Lots of people who’ve never lived in the South look upon it as this weird hinterland where regressive politics, loose interpretation of incest laws and strange culinary traditions make it our own little bit of the Third World here in the United States. One person who helped perpetuate this unfortunate image – particularly when it came to my home state of South Carolina – was Maurice Bessinger.
Bessinger, who was once considered South Carolina’s king of barbecue (that’s pulled pork to the rest of you), died over the weekend, sparing those of us who hail from the Palmetto State yet another embarrassing point of conversation whenever our home comes up in discussion. You can read his excellent obituary by John Monk at The State newspaper here.
Not long ago, I wrote about how characters like Maurice fell under the designation of the “embarrassing uncle” – someone who might sit next to you at church, speak with you at family gatherings and generally seem like an OK person, but happens to hold some pretty reprehensible views on the way things “should” be.
Maurice made some awesome barbecue and was probably a good family guy and active in his church. But all that tends to fall by the wayside when you realize the guy stood on a national stage and made himself the leading son-of-a-bitch in favor of unpopular things like slavery, segregation, denying service to non-white customers and spreading literature in his restaurants that supported and endorsed all of the above.

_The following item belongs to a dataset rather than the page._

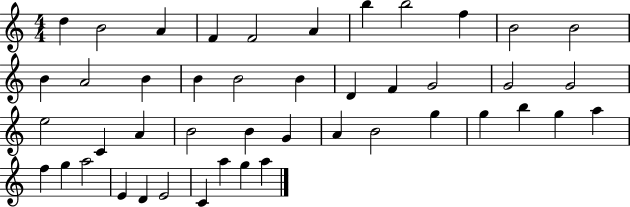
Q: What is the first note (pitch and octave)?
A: D5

A dilemma of the Southern progressive that not many folks outside the South understand is the tendency to wish entire generations of politicians, public figures and even acquaintances and relatives would just keel over so they’d finally keep their damn mouths shut and let the rest of us get on with dragging the region out of the dark ages. I’m guilty of it, and I’m sure if you asked a number of my friends who abandoned the South and those of a progressive mind who still live there if they were guilty of it, they might nod their heads yes.
Hell, even Strom Thurmond, who was for a long time the Boogeyman-in-Chief for those outside the South who wanted to point to the region’s political horrors, came around to embrace his African-American constituents. For many, he was still No. 1 on the death watch, with the hope that with his departure from the living things would turn around a bit.
Unfortunately, he’s in the dirt and not a lot has changed. Many of the Baby Boomers who were the first generation to experience what Southern desegregation was really like – and who had the potential to carry the torch of equality forward – have let that torch go out and crossed back over into the old rhetoric of “states’ rights” and whining about how it’s really the white folks who are being oppressed. Do we have to wait for them to croak, too?
Add to that the fact that Generation X, which was supposed to be long past all the racial BS that used to go with being a Southerner, has a representative in the governor’s mansion. Too bad she’s one of the folks likely eulogizing Maurice as a “great businessman.” And alas, there are plenty more like her and far, far worse – those not beholden to the conventions of politics and who feel free to spout any sort of regressive BS that crosses their tiny brains. And worse, they are having children, and spreading their old-timey thinking to their Gen Y offspring.
But with the demise of Maurice, his too-often wide open mouth is permanently shut. His grandkids now run his barbecue joint and have stripped the place of much of its divisive past, hopefully making it a place where non-white customers can spend their money on a big plate of pork with the knowledge that it won’t eventually pay for tracts talking about how they should still be in bondage.
And in the meantime, those of us who call the South home but who always wish for it to be better will be waiting for some more of the old guard to kick off, change their minds or just shut up and allow those with some sense to make it happen.